Dry Lab - Evidence of DNA as Hereditary Material (ANSWER KEY)
a) Based on these results we can conclude that the living R cells inside of the mouse does not
affect their health while living S cells can kill the mouse.
b) Experiments are always repeated to make sure that they are consistent. This is important
since there could be other reasons that the mice might have died, such as being infected by a
harmful virus. Repeating the experiment several times and obtaining the same results confirms
that the reason that these mice are dying is in fact due to the presence of live S bacteria cells
inside of them.
c) This indicates that the heat killed the S-form cells, and confirmed that the S-cells were
responsible for killing the mice in step 1 of the experiment.
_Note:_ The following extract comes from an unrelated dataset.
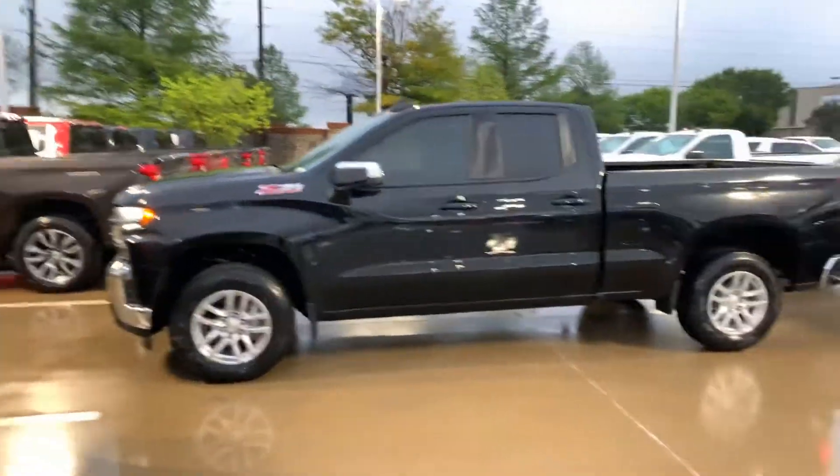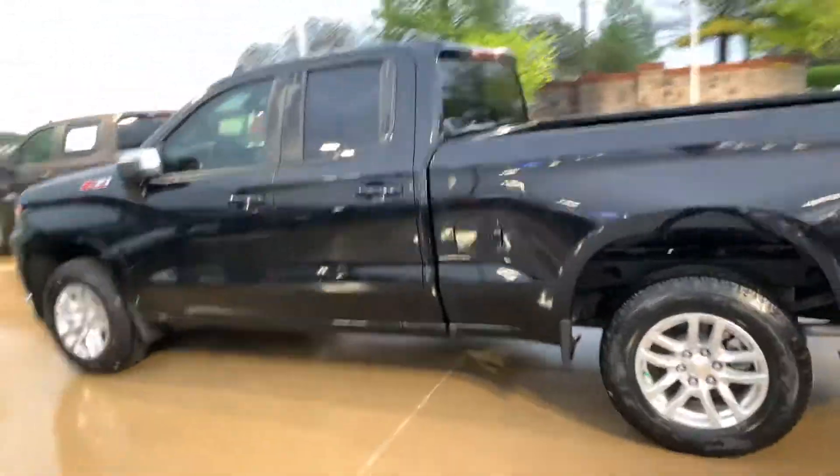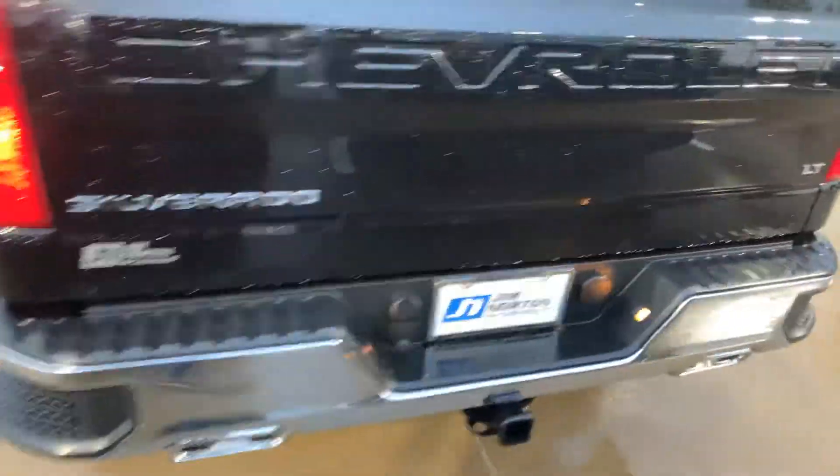Alrighty, got that truck here for you. It was one of our owner vehicles, so it's got about 1,200 miles — no better way to get a good deal on a truck than that.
In addition, heat killed whatever
was responsible for killing Mouse B in step 1. Also, it indicates that the heat broke down the
polysaccharide coating.
d) If the R-form cells were heated and then injected the mouse would still have survived
because the R cells are harmless regardless, and do not affect the mice. In addition, no living R
cells would be present in the animal’s tissues. Furthermore, this serves as a control in the
experimental protocol because it proves that it’s not the R cells that are resulting in the mice
surviving but rather the fact that they will survive with or without the presence of the R cells.
e) This is an opinionated question and answers will vary.
f) Since the S cells were all heat killed, one would not expect to see any capsules formed. The
fact that there were however, could indicate that the live R cells started producing these
capsules using the information from the surrounding dead S cells.
g) These experiments indicate that DNA is the necessary component needed to transform the R
cells into S cells because the only way R cells were transformed into S cells was when purified
DNA was mixed with the R cells. In all other cases (RNA, proteins and polysaccharide coat) only
R cells were extracted indicating that they were not transformed. Therefore, the transforming
principle has to be DNA.
h)
 The mouse will survive because the DNA is digested by the DNAse, therefore, the R cells
from the un-encapsulated pneumonia cells will not be transformed into S cells because
DNA is the transforming principle.
 The mouse will not survive because the heated encapsulated cells still contain DNA
which means that the R cells from the un-encapsulated cells will be transformed to S
cells and the mouse will end up dying.